I think many more product types could target smaller niches through some auto-
scaling like service. For example, let's talk about food. it's possible to
imagine Amazon starting a cloud for manufacturing food, where you send the
recipes of what food to make, and you get a batch of it made(maybe not so
large), and this gets distributed/sold via Amazon's grocery section.

Same for restaurants, you upload you recipe, and some chain restaurant makes
your food and give you royalties.

And of course it could happen to clothes(already with printed t-shirts),
electronics, shoes, etc. Maybe even houses, if housing gets done at a factory,
modular fashion, using a set of standard blocks and software verification.

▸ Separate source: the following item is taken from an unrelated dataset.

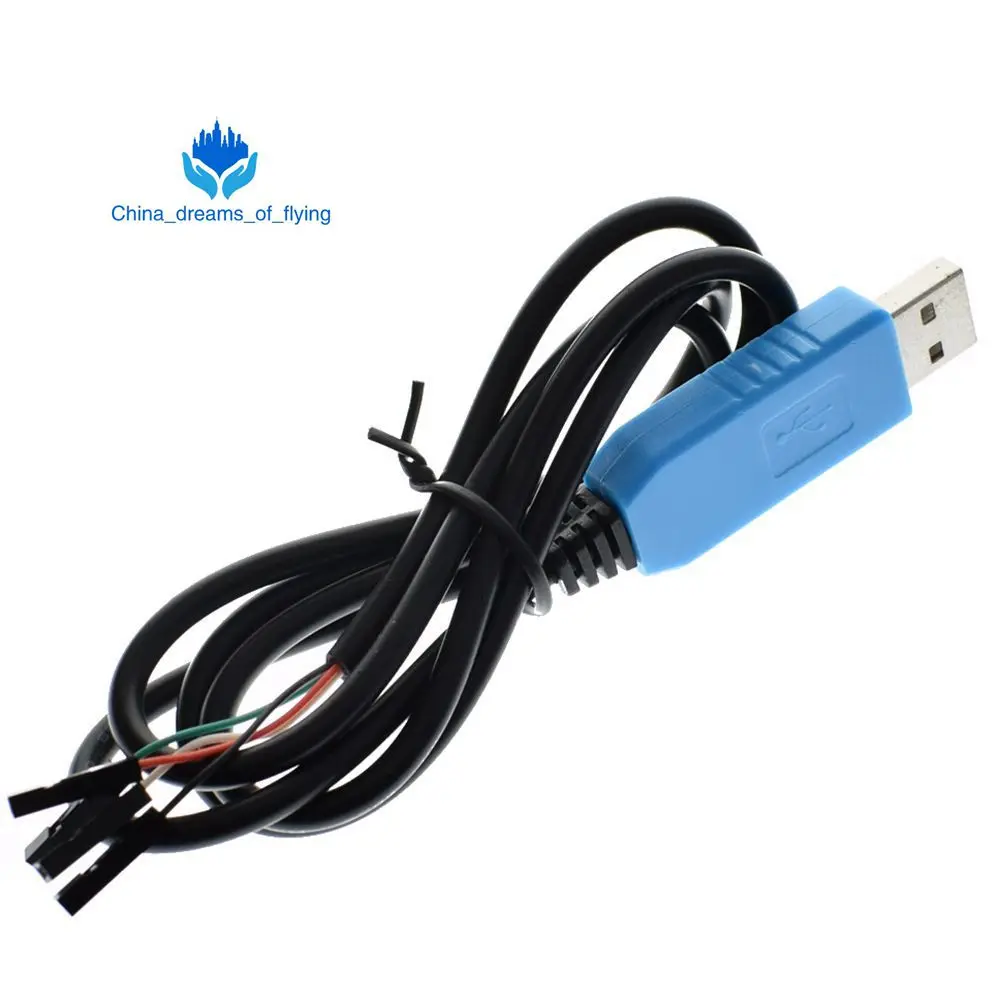 

PL2303 TA USB TTL RS232 Convert Serial Cable PL2303TA Compatible with Win XP/VISTA/7/8/8.1 blue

And there are all kinds of new technologies, like hyperloop, bio
manufacturing, etc - that would require building a lot of infrastructure. and
the fastest the rate of change goes up, maybe infrastructure we'll get
refreshed faster.

And clearly we could use more teachers.

Or people at command centers for self-driving cars.

------
culturalzero
I think the jobs listed are simply ephemera of the current state of the
internet, technology, and media rather than a reflection of 'the future'.
Although, I do agree that with the thread that jobs of the future have little
promise of widespread prosperity, which Tyler Cowen details very, very well in
'Average is Over'

------
wonderous
Most of these jobs sound exactly like the types of jobs AI will replace.

------
thisisit
Moderation has been a job, if you can even call it one, since the dawn of
internet. Discussion forums had their own moderators ensuring content quality.

Podcasts, curation and automated content farms have also existed for a long
time to actually qualify for the list. The content farms were previously
heavily focused on low quality blog posts have now moved towards video.

As for gig economy, check this discussion from yesterday:
[https://news.ycombinator.com/item?id=15669454](https://news.ycombinator.com/item?id=15669454)

------
aoruz
Pretty good listing.